Ce qui est rappelé par de nombreux retours de contenus illégaux ou fake sur les attaques du Hamas et le conflit israélo-palestinien. Un sujet potentiellement explosif, qu’il convient d’encadrer par un fact checking strict et, a minima, le signalement explicite de contenus à visée désinformative voire leur mise hors ligne. Or, en plus de laisser circuler des posts mensongers, des contenus extrêmement violents autour du conflit circulent également sur 𝕏.
Ce qui met donc le réseau social dans le viseur de la Commission et du DSA. Dans sa mise en demeure, la commission européenne reproche à l’ancien Twitter de ne pas dire de façon suffisamment transparente les contenus qui contreviennent aux conditions du site, et de ne pas les sanctionner de façon constante et “diligente”.
Thierry Breton rappelle par ailleurs que 𝕏 a l’obligation de répondre de manière prompte à tout avertissement ou mise en demeure émanant de l’Union Européenne. Par ailleurs, faute d’équipes de modération (et d’envie ?) suffisante, il manque à 𝕏 selon le Commissaire, des systèmes permettant de contenir la désinformation et garantir la sécurité des citoyens européens lors de la survenue de crises, élections ou grands événements.
Following the terrorist attacks by Hamas against 🇮🇱, we have indications of X/Twitter being used to disseminate illegal content & disinformation in the EU.
Urgent letter to @elonmusk on #DSA obligations ⤵️ pic.twitter.com/avMm1LHq54
— Thierry Breton (@ThierryBreton) October 10, 2023
La lettre donne 24 heures à 𝕏 pour réagir. Signe que “ça chauffe”, la lettre se termine par les mots suivants “je vous rappelle que dans le cas, après enquête, où un non respect [du DSA, ndlr] serait caractérisé, des sanctions peuvent être imposées”.
Cela peut prendre la forme d’une amende équivalent à 6% du chiffre d’affaires mondial de Twitter, en plus de 5% des revenus générés par jour de non mise en conformité.

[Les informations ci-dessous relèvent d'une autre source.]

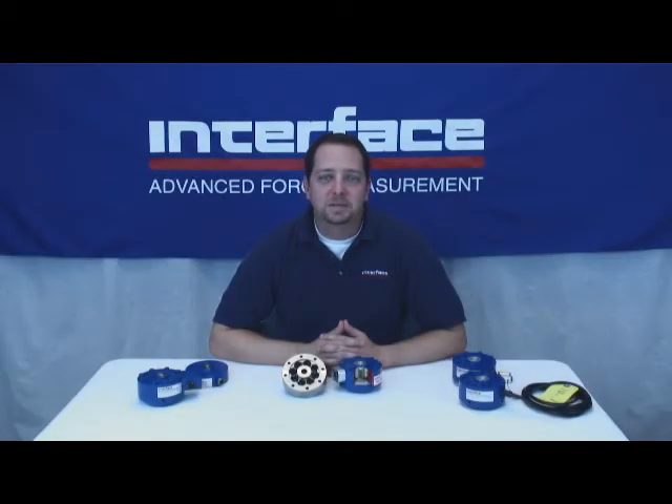Additionally, all Interface load cells have zero balance compensation performed over a full temperature range, offering improved linear performance. Interface can also guarantee industry-leading eccentric performance through our moment compensation process that is performed on all of our low-profile load cells. We can spec our off-axis performance because we test every single unit to ensure the precision our customers demand.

Ce à quoi peut s’adjoindre une mesure de blocage mettant de facto le site et l’application hors ligne en Europe.
Elon Musk n’a pas tardé à répondre, mais visiblement, il ne donne pas vraiment l’impression de vouloir se conformer aux lois en Europe, et tente de se justifier en disant que l’Europe est favorable à “l’approche open source” de 𝕏 :
Our policy is that everything is open source and transparent, an approach that I know the EU supports.
Please list the violations you allude to on 𝕏, so that that the public can see them.
Merci beaucoup.
— Elon Musk (@elonmusk) October 10, 2023
“Notre politique est que tout est open source et transparent, une approche qui, je sais, a le soutien de l’union européenne. Merci de lister les violations auxquelles vous faites allusions sur 𝕏 afin que le public puisse les voir. Merci beaucoup”, répond le patron de 𝕏.
Les deux hommes donnent ainsi l’impression de parler à du vent dans deux mondes résolument parallèles. Reste que, n’en déplaise à Elon Musk, le DSA est bel et bien actif en Europe et que la Commission n’hésite pas à sanctionner des entreprises américaines lorsqu’elles contreviennent à ses règles. On ne peut pas vraiment le modifier, a fortiori par des tweets, à la volée, juste pour plaire à un réseau social qui semble plutôt en ce moment sur une pente glissante ; et puisque ni le DSA, ni aucun autre texte en vigueur au niveau de l’UE, ne prévoit dans ses libellés les positions de Elon Musk sur sa conception très libertarienne et américaine de liberté d’expression, la Commission a toutes les chances de frapper très fort.
Surtout si Elon Musk ne répond pas dans les délais à ses demandes et refuse de se plier aux procédures prévues. A priori, il n’y a donc aucune chance que la Commission tweete la liste des contenus à bloquer sur 𝕏 comme le souhaite l’entrepreneur.